Creating the Audit Table

Microsoft SQL Server 2000 will be the reference for the code examples below. Although Valid-Time tables can be used by many different database servers for many different design goals, our initial focus is on using an audit history table to track all modifications to the Orders table in the Northwind sample database. Out of the box, the Northwind Orders table has this structure:

Field Name Size Type
OrderID 4 Identity
CustomerID 5 WChar
EmployeeID 4 Integer
OrderDate 16 DBTimeStamp
RequiredDate 16 DBTimeStamp
ShippedDate 16 DBTimeStamp
ShipVia 4 Integer
Freight 8 Currency
ShipName 40 VarWChar
ShipAddress 60 VarWChar
ShipCity 15 VarWChar
ShipRegion 15 VarWChar
ShipPostalCode 10 VarWChar
ShipCountry 15 VarWChar

The simplest design of the Valid Time table for auditing these Orders will contain all the fields in the base Orders table plus two extra fields.
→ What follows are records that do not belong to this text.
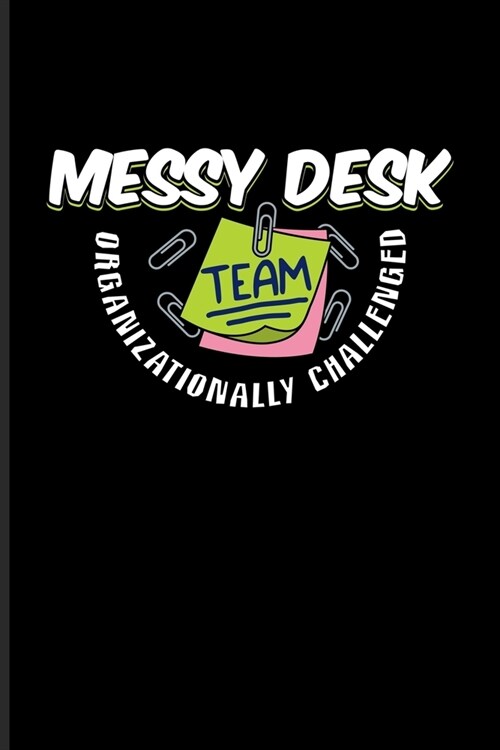 Messy Desk Team Organizationally Challenged: Funny Desk Organization Journal - Notebook - Workbook For Student Life Quotes, Teaching Humor, Nerds & Ch (Paperback)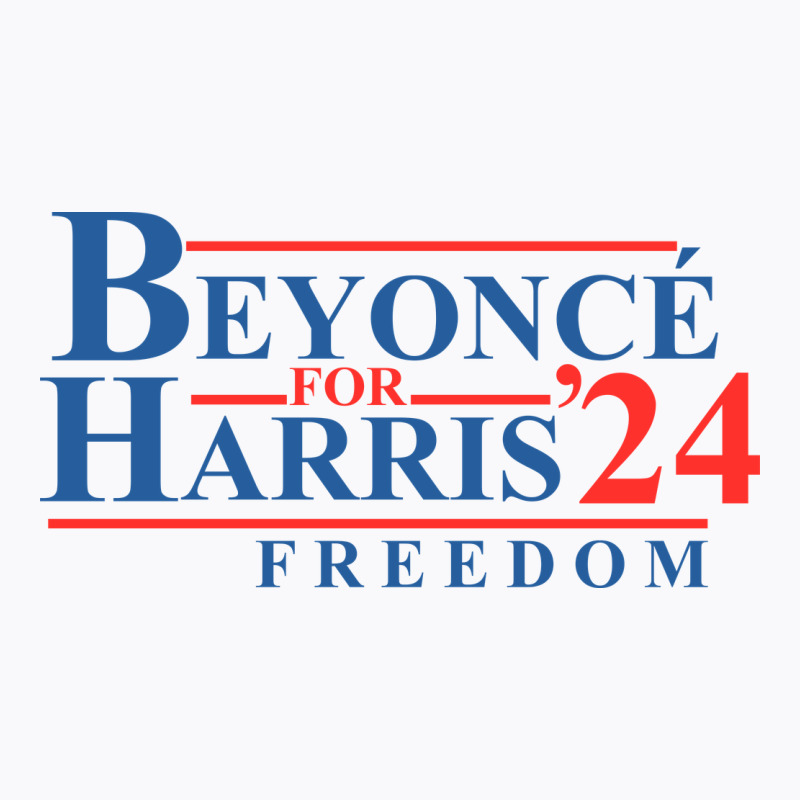 Beyonce For Harris 24 T-shirt | Artistshot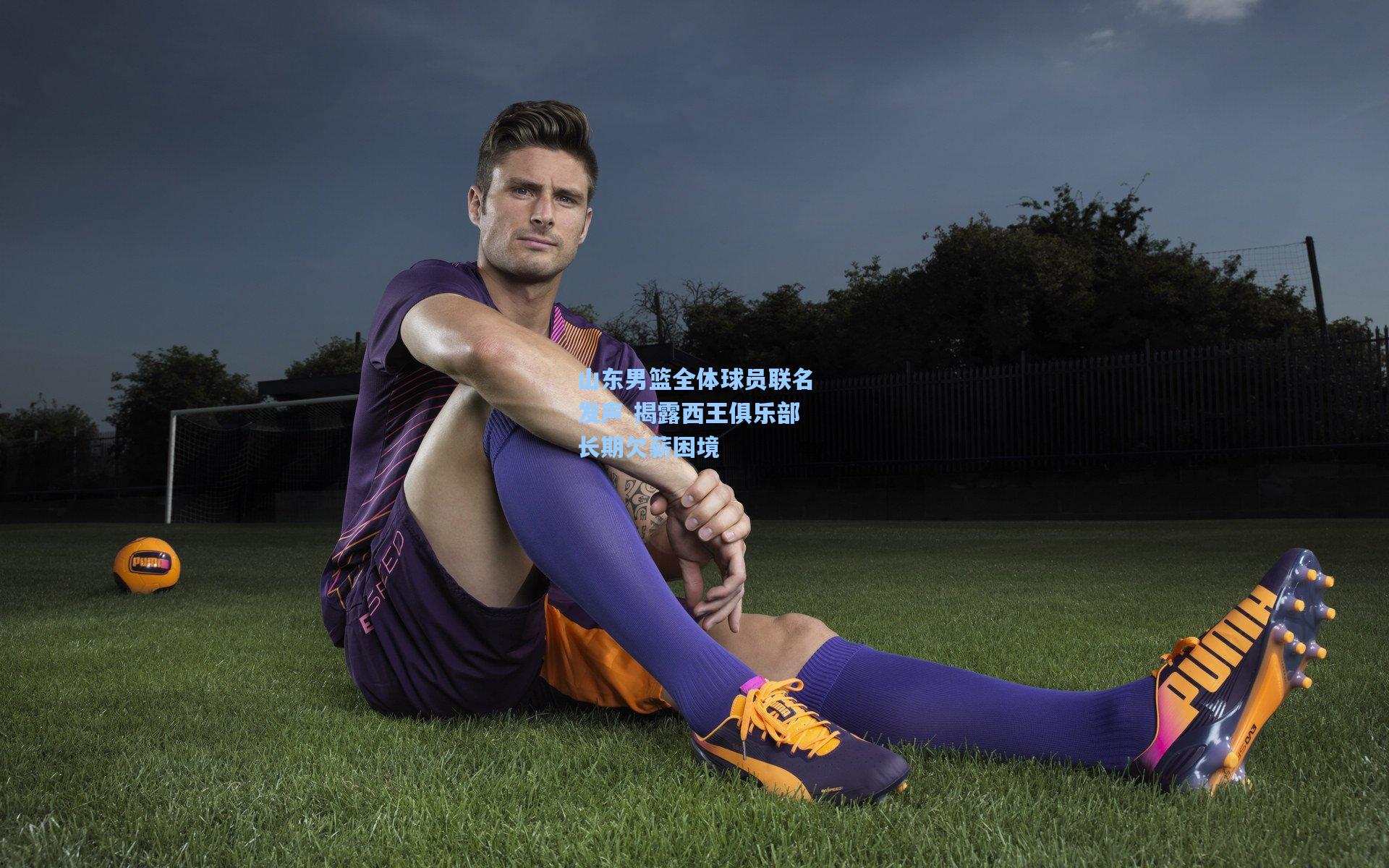 山东男篮全体球员联名发声 揭露西王俱乐部长期欠薪困境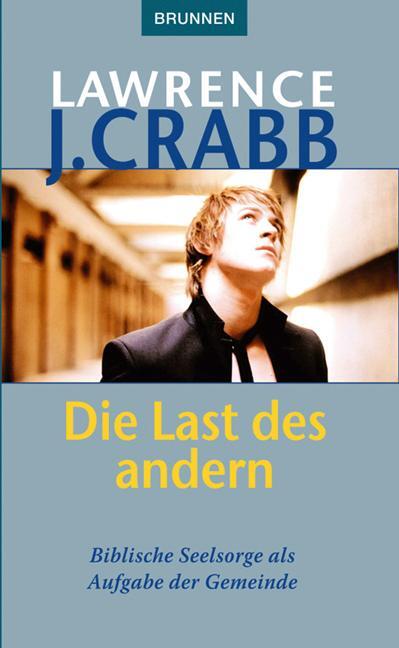 Cover: 9783765538896 | Die Last des anderen | Biblische Seelsorge als Aufgabe der Gemeinde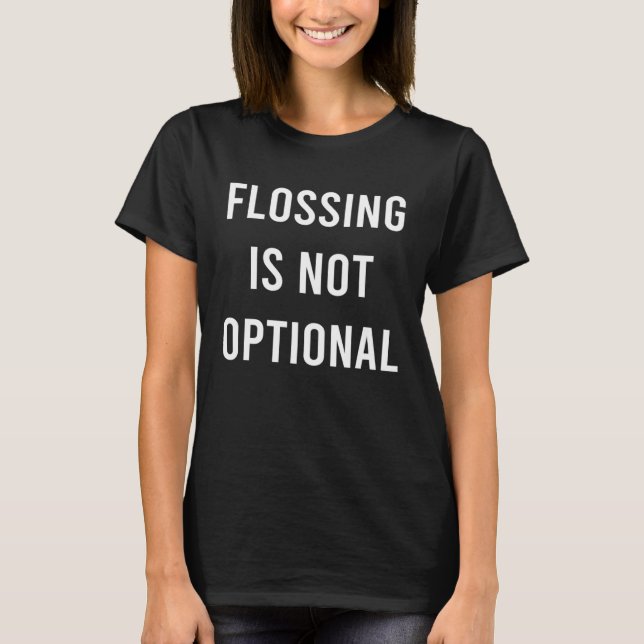 Das Flossen ist nicht optional. T-Shirt (Vorderseite)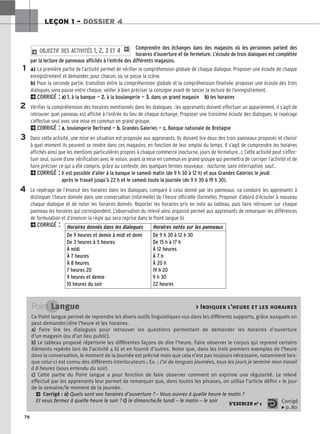 76
LEÇON 1 – DOSSIER 4
1
2
3
4
Horaires donnés dans les dialogues Horaires notés sur les panneaux
De 9 heures et demie à midi et demi
De 3 heures à 5 heures
À midi
À 7 heures
À 8 heures
7 heures 20
9 heures et demie
10 heures du soir
De 9 h 30 à 12 h 30
De 15 h à 17 h
À 12 heures
À 7 h
À 20 h
19 h 20
9 h 30
22 heures
Point Langue  Indiquer l’heure et les horaires
Ce Point langue permet de reprendre les divers outils linguistiques vus dans les différents supports, grâce auxquels on
peut demander/dire l’heure et les horaires.
a
a)
) Faire lire les dialogues pour retrouver les questions permettant de demander les horaires d’ouverture
d’un magasin (ou d’un lieu public).
b
b)
) Le tableau proposé répertorie les différentes façons de dire l’heure. Faire observer le corpus qui reprend certains
éléments repérés lors de l’activité 4 b) et en fournit d’autres. Noter que, dans les trois premiers exemples de l’heure
dans la conversation, le moment de la journée est précisé mais que cela n’est pas toujours nécessaire, notamment lors-
que celui-ci est connu des différents interlocuteurs ; Ex. : J’ai de longues journées, tous les jours je termine mon travail
à 8 heures (sous entendu du soir).
c
c)
) Cette partie du Point langue a pour fonction de faire observer comment on exprime une régularité. Le relevé
effectué par les apprenants leur permet de remarquer que, dans toutes les phrases, on utilise l’article défini + le jour
de la semaine/le moment de la journée.
2 Corrigé : a
a)
) Quels sont vos horaires d’ouverture ? – Vous ouvrez à quelle heure le matin ?
Et vous fermez à quelle heure le soir ? c
c)
) le dimanche/le lundi – le matin – le soir
S’EXERCER no 1 Corrigé
x p. 80
Comprendre des échanges dans des magasins où les personnes parlent des
horaires d’ouverture et de fermeture. L’écoute de trois dialogues est complétée
par la lecture de panneaux affichés à l’entrée des différents magasins.
a) La première partie de l’activité permet de vérifier la compréhension globale de chaque dialogue. Proposer une écoute de chaque
enregistrement et demander, pour chacun, où se passe la scène.
b) Pour la seconde partie, transition entre la compréhension globale et la compréhension finalisée, proposer une écoute des trois
dialogues sans pause entre chaque, veiller à bien préciser la consigne avant de lancer la lecture de l’enregistrement.
2CORRIGÉ : a
a)
) 1
1.
. à la banque — 2
2.
. à la boulangerie — 3
3.
. dans un grand magasin b
b)
) les horaires
Vérifier la compréhension des horaires mentionnés dans les dialogues : les apprenants doivent effectuer un appariement, il s’agit de
retrouver quel panneau est affiché à l’entrée du lieu de chaque échange. Proposer une troisième écoute des dialogues, le repérage
s’effectue seul avec une mise en commun en grand groupe.
2CORRIGÉ : a
a.
. boulangerie Bertrand — b
b.
. Grandes Galeries — c
c.
. Banque nationale de Bretagne
Dans cette activité, une mise en situation est proposée aux apprenants. Ils doivent lire deux des trois panneaux proposés et choisir
à quel moment ils peuvent se rendre dans ces magasins, en fonction de leur emploi du temps. Il s’agit de comprendre les horaires
affichés ainsi que les mentions particulières propres à chaque commerce (nocturne, jours de fermeture...). Cette activité peut s’effec-
tuer seul, suivie d’une vérification avec le voisin, avant la mise en commun en grand groupe qui permettra de corriger l’activité et de
faire préciser ce qui a été compris, grâce au contexte, des quelques termes nouveaux : nocturne, sans interruption, sauf...
2CORRIGÉ : Il est possible d’aller à la banque le samedi matin (de 9 h 30 à 12 h) et aux Grandes Galeries le jeudi
après le travail jusqu’à 22 h et le samedi toute la journée (de 9 h 30 à 19 h 30).
Le repérage de l’énoncé des horaires dans les dialogues, comparé à celui donné par les panneaux, va conduire les apprenants à
distinguer l’heure donnée dans une conversation (informelle) de l’heure officielle (formelle). Proposer d’abord d’écouter à nouveau
chaque dialogue et de noter les horaires donnés. Reporter les horaires pris en note au tableau, puis faire retrouver sur chaque
panneau les horaires qui correspondent. L’observation du relevé ainsi organisé permet aux apprenants de remarquer les différences
de formulation et d’énoncer la règle qui sera reprise dans le Point langue b).
2CORRIGÉ :
2 OBJECTIF DES ACTIVITÉS 1, 2, 3 ET 4 1
 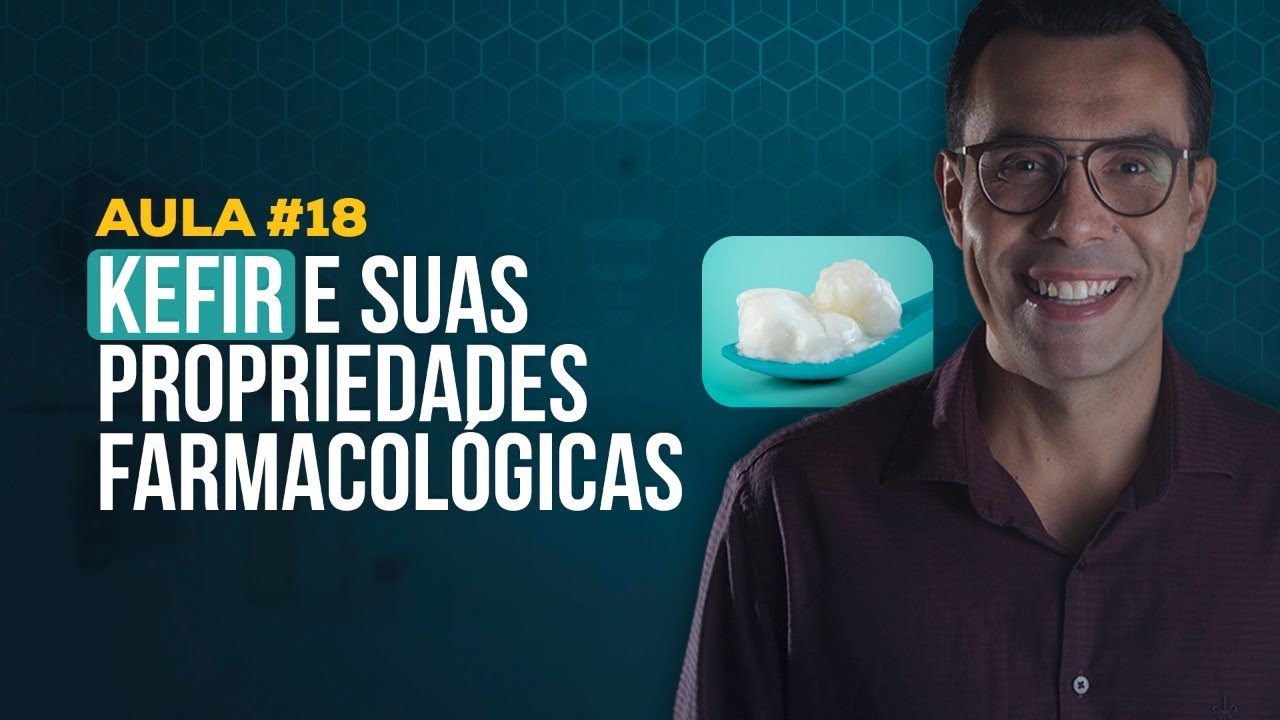 Aula #18 - Kefir e suas propriedades farmacológicas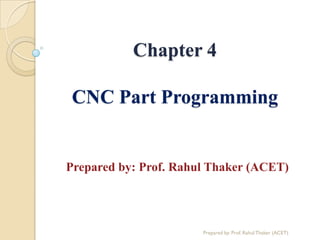 Chapter 4
CNC Part Programming
Prepared by: Prof. Rahul Thaker (ACET)
Prepared by: Prof. Rahul Thaker (ACET)
 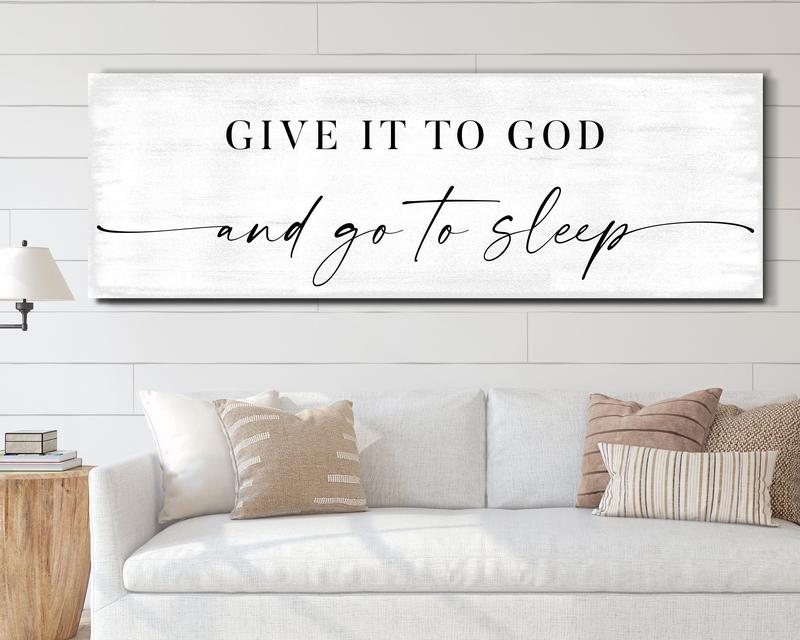 Give It To God And Go To Sleep Sign, Signs Above Bed, Bedroom Decor, Master Bedroom Sign, Over Bed Wall Decor, Bedroom Wall Art Poster No Frame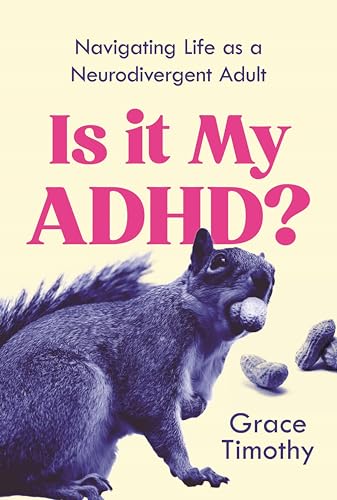 Is It My ADHD?: Navigating life as a neurodivergent adult (Kindle Edition)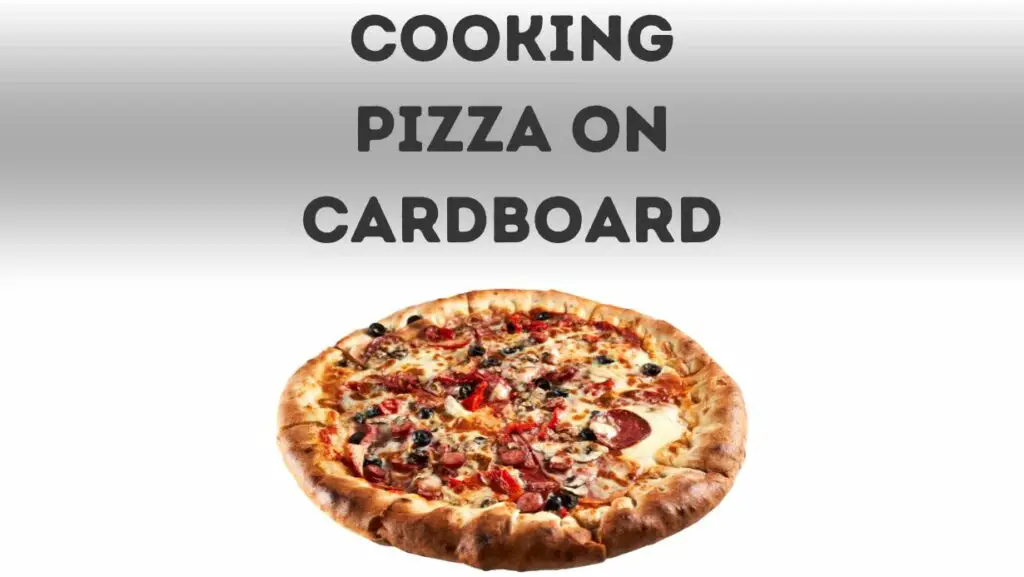 Can You Cook Pizza On Cardboard In Oven? Handsome Pizza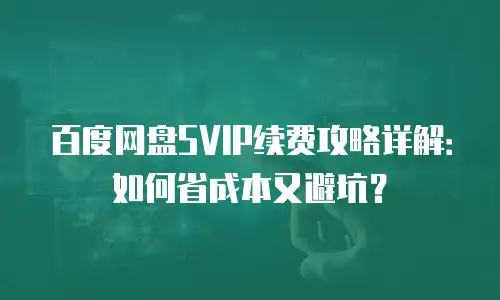 百度网盘SVIP续费攻略详解：如何省成本又避坑？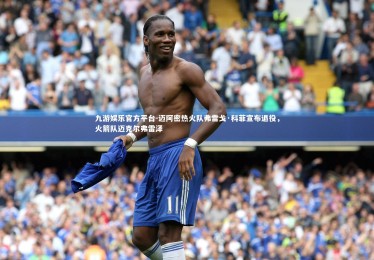 九游娱乐官方平台-迈阿密热火队弗雷戈·科菲宣布退役，火箭队迈克尔弗雷泽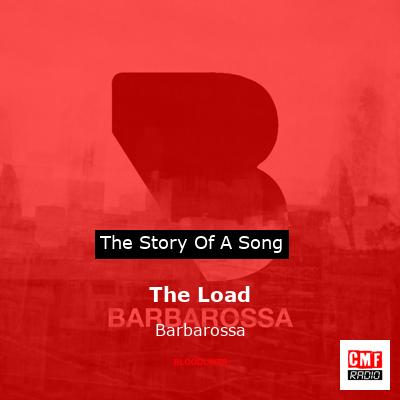The Load – Barbarossa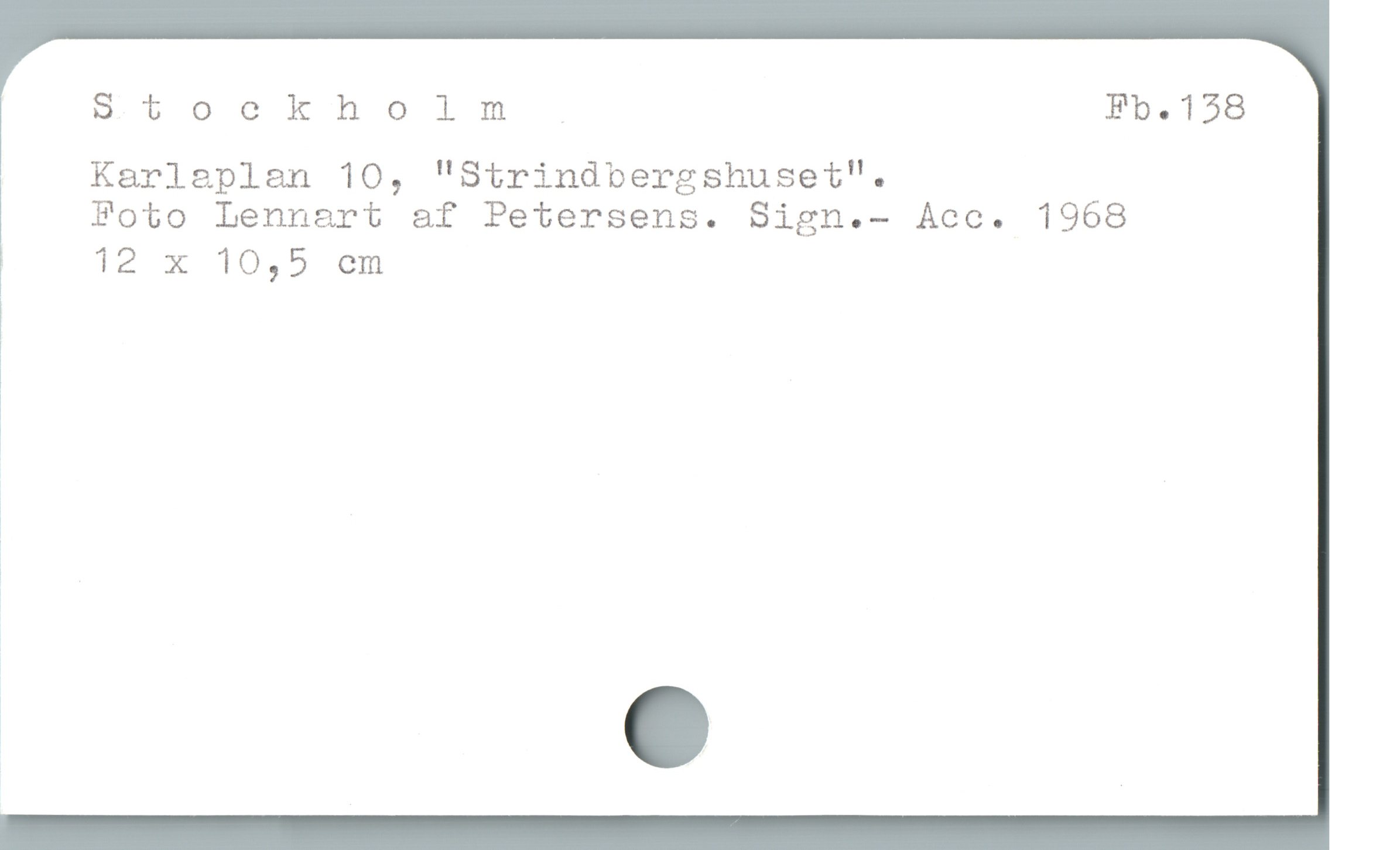  Stoockholm Fb.138
Karleplan 10, "Strindbergshuset".
Foto Lennart af Petersens. Sign.- Acc. 1968
12 x 10,5 em
1
1
|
One datetime field is required to indicate when the other information in the record started being valid and another datetime field is required to indicate when this information stopped being valid. For this example the new table audit_Orders and these two extra fields audit_StartDateTime and audit_EndDateTime (the prefix convention ocdb_ in these examples indicates 1 Click DB, however the choice is arbitrary). All other fields in the audit table should match the base table in name, size and datatype. Identity fields in Microsoft SQL Server 2000 must also lose their autoincrement property and be converted back to their base data type. In our example this means the OrderID must be converted to a regular 4 byte integer field with no identity set. Although all the fields in the Orders table can be audited, Memo (text) or binary fields are not fully supported in Microsoft SQL Server 2000 triggers and must be excluded. Regular varchar fields in Microsoft SQL Server 2000 fields can hold up to 8000 characters so this is not a major issue for most transactional processing.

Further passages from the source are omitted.